He handed the green silk bow to Halmalo.

“Here is my badge of command. Take it. It is important that nobody should know my name at present. But this bow will be enough. The fleur-de-lis was embroidered by Madame Royal, in the Temple prison . . . Listen carefully to this. This is the order: ‘Rise in revolt. No quarter.’ Then on the edge of the woods of Saint-Aubin give the call. You must give it three times. The third time you will see a man come out of the ground . . . This man is Planchenault, also called Coeur-de-Roi. Show him this knot. He will understand. Then go, whatever way you can, to the woods of Astillé; you will find there a knock-kneed man surnamed Mousqueton, and who shows pity to nobody. You will tell him that I love him and that he is to stir up his parishes. You will then go to the woods of Couesbon, which is one league from Ploërmel. Make the call of the owl; a man will come, out of a hole; it will be M. Thuault, seneschal of Ploërmel, who has belonged to what is called the Constitution Assembly, but on the good side. Tell him to arm the castle of Couesbon, belonging to the marquis de Guer, a refugee . . . Then go to Saint-Guen-les-Toits, and speak to Jean Chouan, who is, in my eyes, the real chief. Then go to the woods of Ville-Anglose, where you will see Guitter, called Saint-Martin. Tell him to have an eye for a certain Courmesnil, son-in-law of old Goupil de Préfeln, and who leads the Jacobins of Argentan. Remember all this well. I write nothing because nothing must be written . . . Then go to the woods of Rougefeu, where Miélette is, who leaps ravines, balancing himself on a long pole.”
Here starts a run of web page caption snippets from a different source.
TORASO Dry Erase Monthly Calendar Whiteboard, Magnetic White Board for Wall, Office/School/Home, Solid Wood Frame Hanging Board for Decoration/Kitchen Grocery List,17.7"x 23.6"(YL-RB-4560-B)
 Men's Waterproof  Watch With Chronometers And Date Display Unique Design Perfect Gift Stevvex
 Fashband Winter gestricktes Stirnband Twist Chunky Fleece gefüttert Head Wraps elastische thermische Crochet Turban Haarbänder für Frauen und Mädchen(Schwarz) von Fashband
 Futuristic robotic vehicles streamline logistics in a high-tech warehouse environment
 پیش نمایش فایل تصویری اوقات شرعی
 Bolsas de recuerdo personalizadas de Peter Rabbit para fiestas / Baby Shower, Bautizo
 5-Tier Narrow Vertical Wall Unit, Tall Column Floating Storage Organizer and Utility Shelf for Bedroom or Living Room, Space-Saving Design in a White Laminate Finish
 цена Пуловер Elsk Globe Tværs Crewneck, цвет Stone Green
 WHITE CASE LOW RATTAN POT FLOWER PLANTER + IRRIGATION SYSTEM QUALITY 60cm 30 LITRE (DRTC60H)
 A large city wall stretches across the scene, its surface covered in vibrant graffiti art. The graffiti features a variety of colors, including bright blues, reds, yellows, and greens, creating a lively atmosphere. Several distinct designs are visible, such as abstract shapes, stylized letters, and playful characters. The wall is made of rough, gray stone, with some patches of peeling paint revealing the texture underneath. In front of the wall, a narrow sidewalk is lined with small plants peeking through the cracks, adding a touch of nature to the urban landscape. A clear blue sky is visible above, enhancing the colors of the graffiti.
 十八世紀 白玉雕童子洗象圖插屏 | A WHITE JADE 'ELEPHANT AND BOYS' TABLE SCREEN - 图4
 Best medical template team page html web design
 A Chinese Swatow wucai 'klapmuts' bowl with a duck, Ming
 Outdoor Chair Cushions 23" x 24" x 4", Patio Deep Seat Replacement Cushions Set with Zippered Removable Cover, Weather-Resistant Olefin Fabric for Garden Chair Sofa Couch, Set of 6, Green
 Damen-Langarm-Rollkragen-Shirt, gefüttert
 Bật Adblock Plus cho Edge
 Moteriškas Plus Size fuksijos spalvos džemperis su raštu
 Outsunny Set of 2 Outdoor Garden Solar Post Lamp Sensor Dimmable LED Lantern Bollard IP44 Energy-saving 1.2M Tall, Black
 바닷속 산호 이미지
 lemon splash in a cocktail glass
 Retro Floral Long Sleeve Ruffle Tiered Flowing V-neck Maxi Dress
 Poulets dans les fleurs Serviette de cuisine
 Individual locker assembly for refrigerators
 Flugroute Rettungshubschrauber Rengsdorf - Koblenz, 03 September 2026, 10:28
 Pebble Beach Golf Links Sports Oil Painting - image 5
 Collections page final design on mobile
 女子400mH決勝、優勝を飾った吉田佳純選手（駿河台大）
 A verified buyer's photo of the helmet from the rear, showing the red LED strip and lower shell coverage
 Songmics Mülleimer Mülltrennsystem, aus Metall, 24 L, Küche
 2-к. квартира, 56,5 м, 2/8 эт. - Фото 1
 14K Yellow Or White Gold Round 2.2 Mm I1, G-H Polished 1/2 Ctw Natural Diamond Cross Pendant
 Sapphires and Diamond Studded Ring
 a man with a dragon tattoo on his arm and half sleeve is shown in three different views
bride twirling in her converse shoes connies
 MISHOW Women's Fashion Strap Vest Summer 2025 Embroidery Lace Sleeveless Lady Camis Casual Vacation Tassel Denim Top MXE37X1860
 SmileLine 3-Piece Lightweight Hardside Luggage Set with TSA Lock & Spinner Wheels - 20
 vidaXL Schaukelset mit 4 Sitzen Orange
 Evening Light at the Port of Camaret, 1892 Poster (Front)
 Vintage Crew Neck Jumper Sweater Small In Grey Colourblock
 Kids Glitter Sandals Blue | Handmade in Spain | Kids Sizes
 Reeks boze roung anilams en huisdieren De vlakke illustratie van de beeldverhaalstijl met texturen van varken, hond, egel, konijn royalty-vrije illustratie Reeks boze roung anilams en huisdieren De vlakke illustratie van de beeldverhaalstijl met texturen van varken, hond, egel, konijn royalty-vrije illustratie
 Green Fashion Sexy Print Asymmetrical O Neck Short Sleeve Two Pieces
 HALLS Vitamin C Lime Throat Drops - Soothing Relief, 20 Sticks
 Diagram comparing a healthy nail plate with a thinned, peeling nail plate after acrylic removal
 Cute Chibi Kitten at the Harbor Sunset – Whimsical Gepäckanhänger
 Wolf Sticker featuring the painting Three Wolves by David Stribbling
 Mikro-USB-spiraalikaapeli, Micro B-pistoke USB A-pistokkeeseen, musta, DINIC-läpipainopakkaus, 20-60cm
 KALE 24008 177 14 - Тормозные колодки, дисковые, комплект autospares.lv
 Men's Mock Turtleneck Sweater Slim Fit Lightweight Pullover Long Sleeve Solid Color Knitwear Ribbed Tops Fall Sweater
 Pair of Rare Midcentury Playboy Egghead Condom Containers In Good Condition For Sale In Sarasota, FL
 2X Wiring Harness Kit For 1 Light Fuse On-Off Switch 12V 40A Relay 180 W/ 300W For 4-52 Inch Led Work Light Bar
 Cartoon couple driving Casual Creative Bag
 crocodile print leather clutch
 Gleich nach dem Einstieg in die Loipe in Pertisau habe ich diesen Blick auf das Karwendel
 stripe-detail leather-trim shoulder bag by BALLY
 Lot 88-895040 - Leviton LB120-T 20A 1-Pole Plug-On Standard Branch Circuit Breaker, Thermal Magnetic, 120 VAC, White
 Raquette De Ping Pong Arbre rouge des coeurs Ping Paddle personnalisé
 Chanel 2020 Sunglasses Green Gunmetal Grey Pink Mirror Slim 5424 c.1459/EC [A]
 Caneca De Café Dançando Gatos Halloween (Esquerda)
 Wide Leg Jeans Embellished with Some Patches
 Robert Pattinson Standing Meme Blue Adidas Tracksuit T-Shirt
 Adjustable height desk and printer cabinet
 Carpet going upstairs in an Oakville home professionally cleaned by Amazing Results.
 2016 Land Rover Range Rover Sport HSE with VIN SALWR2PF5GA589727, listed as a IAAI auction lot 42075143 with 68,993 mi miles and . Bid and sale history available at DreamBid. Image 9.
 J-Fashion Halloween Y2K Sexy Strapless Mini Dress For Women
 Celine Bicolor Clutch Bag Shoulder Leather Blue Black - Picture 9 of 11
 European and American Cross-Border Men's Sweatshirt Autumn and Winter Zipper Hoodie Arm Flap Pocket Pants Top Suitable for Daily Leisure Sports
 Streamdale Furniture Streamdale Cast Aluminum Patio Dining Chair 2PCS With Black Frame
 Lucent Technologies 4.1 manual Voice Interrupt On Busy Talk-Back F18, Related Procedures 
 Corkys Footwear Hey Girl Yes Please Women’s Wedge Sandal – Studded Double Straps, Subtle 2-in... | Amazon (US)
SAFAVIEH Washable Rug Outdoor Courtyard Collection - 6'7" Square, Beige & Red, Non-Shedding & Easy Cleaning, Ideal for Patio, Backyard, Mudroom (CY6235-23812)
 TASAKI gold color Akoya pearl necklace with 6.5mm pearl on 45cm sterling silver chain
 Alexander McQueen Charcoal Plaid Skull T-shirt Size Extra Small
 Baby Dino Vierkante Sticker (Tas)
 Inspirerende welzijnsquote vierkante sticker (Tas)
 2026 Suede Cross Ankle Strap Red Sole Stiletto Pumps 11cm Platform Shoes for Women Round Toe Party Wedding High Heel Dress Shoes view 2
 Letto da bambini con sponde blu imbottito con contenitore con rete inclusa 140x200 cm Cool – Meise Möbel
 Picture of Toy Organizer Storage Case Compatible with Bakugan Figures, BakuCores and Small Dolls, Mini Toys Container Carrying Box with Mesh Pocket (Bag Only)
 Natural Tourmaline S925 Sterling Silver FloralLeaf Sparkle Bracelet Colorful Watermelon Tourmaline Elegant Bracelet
I jump ahead three whole pages:

“Go to Saint-M’Hervé. There you will see Gaulier, called Grand-Pierre. Go to the district of Parné, where the men blacken their faces . . . Go to the camp of La Vache Noire, which is on a height, in the midst of the wood of La Charnie, then to the camp of L’Avoine, then to Champ Vert, then to Champ des Fourmis. Go to the Grand-Bordage, also called the Haut-du-Pré, which is inhabited by a widow whose daughter is married to Treton, called the Englishman. The Grand-Bordage is in the parish of Queslaines. You must go to Épineux-le-Chevreuil, Sillé-le-Guillaume, Parannes, and all the men in every wood . . .”

And so on to the final exchange:

“Forget nothing.”

“Have no fear.”

“Start now. God be with you. Go.”

“I will do all you have told me. I will go. I will speak the word. I will obey. I will command.” (book 3, chapter 2)

It is, of course, impossible for Halmalo to remember everything, and the reader is fully aware of it—one line later, we have already forgotten the names on the previous line. The list is tedious, but it has to be read, and reread. It is like music. Pure sound, it could be an index of names at the back of an atlas, but this frenzy of cataloging makes the Vendée into an infinity.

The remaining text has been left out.